Türkiye'de karaciğer nakline gereksinim duyan hasta sayısı yıllık 2 bin 500-3 bin arasında. 1.500'ü tedavi olamadığı için hayatını kaybediyor. En ideal yol, kadavradan alınan sağlıklı karaciğerin nakli. Ancak kültür ve gelenek olarak, organ bağışına olumlu yaklaşan çok az insanımız var. Bu sorun nasıl aşılır?
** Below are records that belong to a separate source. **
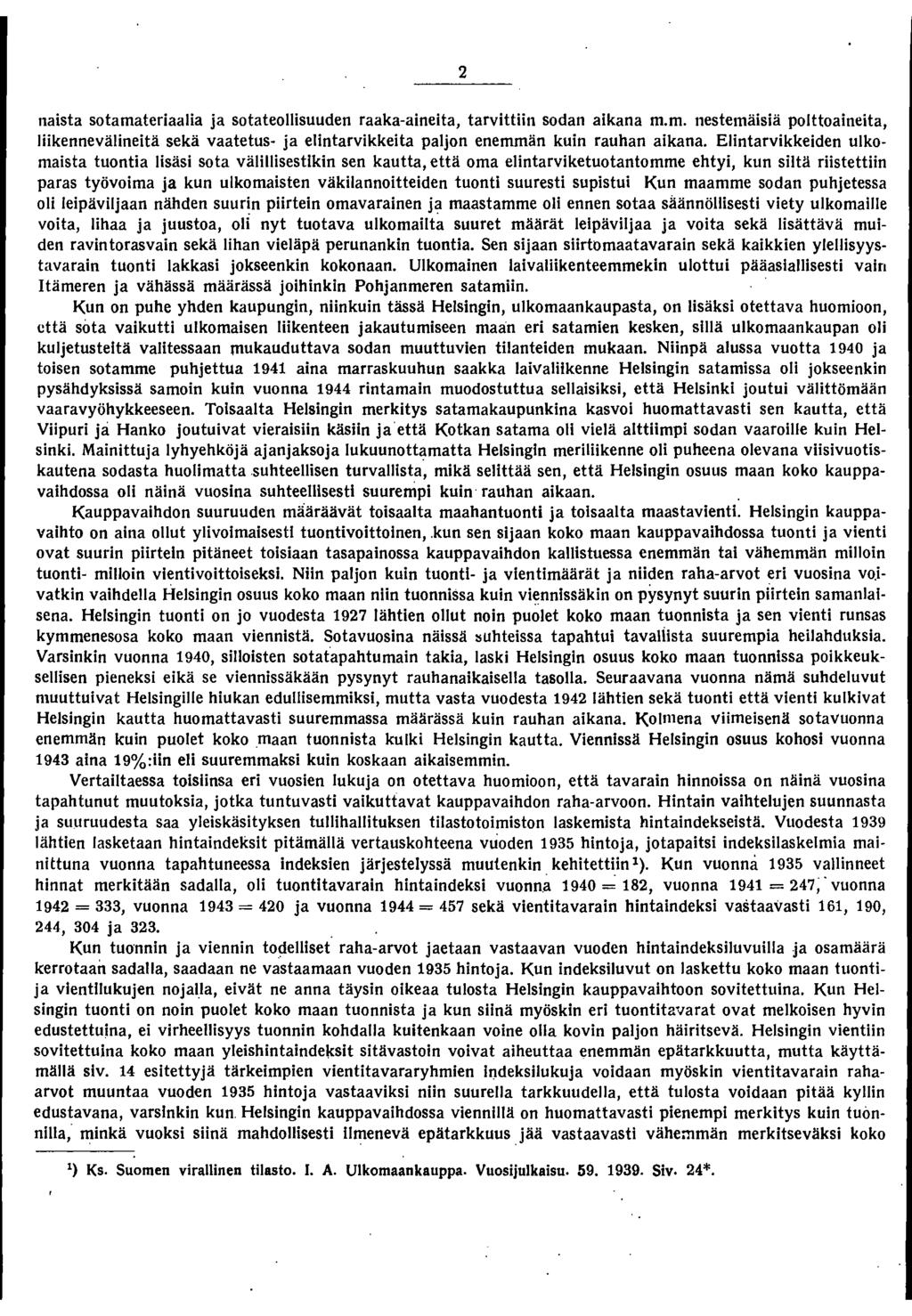 2 naista sota materiaalia ja sota teollisuuden raakaaineita, tarvittiin sodan aikana m.m. nestemäisiä polttoaineita, liikennevälineitä sekä vaatetus ja elintarvikkeita paljon enemmän kuin rauhan aikana.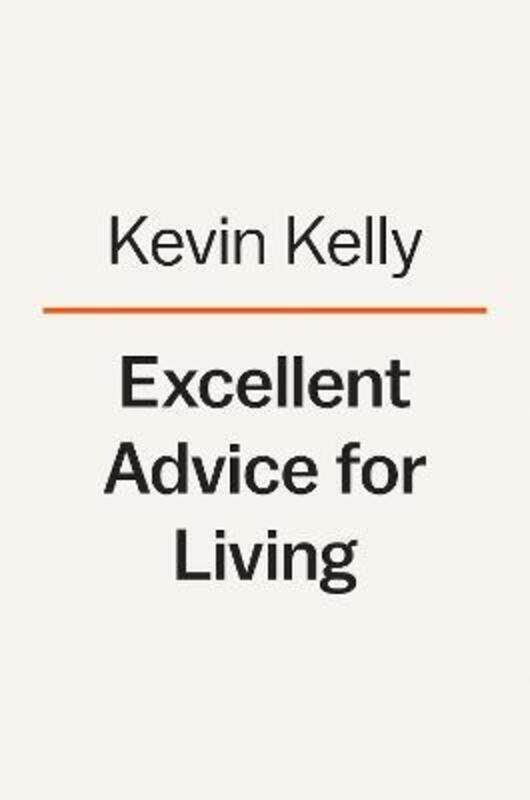 

Excellent Advice For Living: Wisdom I Wish I'd Known Earlier,Hardcover, By:Kelly, Kevin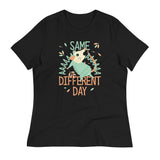 Same Aaaa Different Day Women's Signature Tee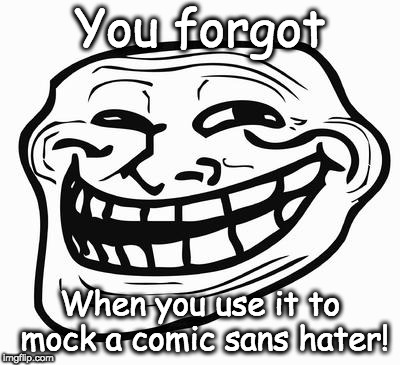 Trollface | You forgot When you use it to mock a comic sans hater! | image tagged in trollface | made w/ Imgflip meme maker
Ben yıllardan beri bu işin içindeyim. Organ bağışının artması için birçok aktivitede bulunuyorum. İnsanlar çok olumlu konuşuyor; ama iş, bir yakınını kaybettiğinde, bağış aşamasına gelince bazı şeyleri aşmak çok zor. Çok tereddüt ediliyor. Manevi açıdan bir sakıncanın olmadığını din adamları anlatsa da gelenek ve yaşam tarzımız, bu işi aşmak için zaman ve yeni nesil gerektiriyor. Milyon nüfusa göre; bağış oranı ülkemizde 7, Avrupa'nın birçok yerinde 45-50'lerde. 6-7 kat fazla. Örneğin Malatya'da, milyon nüfus başına 1!... Bu konuda da bıkmadan çalışılmalı. Okulda eğitim programlarına koyulmalı...
ENSTİTÜMÜZ BİR
“BARIŞ PROJESİ”
İÜ Karaciğer Nakli Enstitüsü'nü neden “barış projesi” olarak görüyorsunuz?
Zamanında Kalkınma Bakanımıza da -Cevdet Yılmaz- bunu anlattım. Urfa'da, Hakkari'de, Mardin'de, Şırnak'ta, Eruh'tan bir örnek verelim... “Bir çocuk mantar ya da ot yedi veya ilaç içti. Komaya girdi, gidiyor. Veya bir karaciğer hastalığı vardı. Bir anda karaciğer komasına girdi. Saatler içerisinde karaciğer nakli gerçekleştirilmeli. Ankara-İstanbul-İzmir'e gidip bir günde ameliyat olması mümkün değil. Ama helikopterle Malatya'ya 1 saatte gelebiliyor. En çok, iki saat hazırlık yapıyoruz. Hayata dönen bu evladımızın amcası, babası ve dedesi bu vatana hain olabilir mi? Bu memlekete daha da sahip çıkar...
RAMAZAN HOCA GİDİNCE
ÇOK ÜZÜLDÜM VE AĞLADIM
Şu an Bezmiâlem Vakıf Üniversitesi Dekanı olan Prof. Dr. Ramazan Özdemir, “İnönü Üniversitesi artık kendini ispatladı, dünya markası oldu. 5-6 kişinin ayrılması bir şey götürmez” dedi. Kendisiyle benzer bir görüşte misiniz?
Ramazan Özdemir bizim için büyük bir kayıp. Kompanse (yerine koymak, telafi etmek) edilemez bir kayıp. Diğer arkadaşlarımızı da çok seviyorum; ancak Ramazan Hoca çok müstesna bir bilim adamı ve insan.Ayrıca çok iyi bir arkadaşımdı. Malatya'nın onu kaybetmemesi lazımdı. Kalp konusunda kendi branşında her şeyi yaptı. Çok başarılı. İnanılmaz bir marka değeri kazandırdı. Keşke Malatya'da kalsaydı. O gidince çok üzüldüm ve ağladım. Çok iyi yerlere gelmesini sevinçle karşılıyorum. Her yerde sahip çıkılmalı.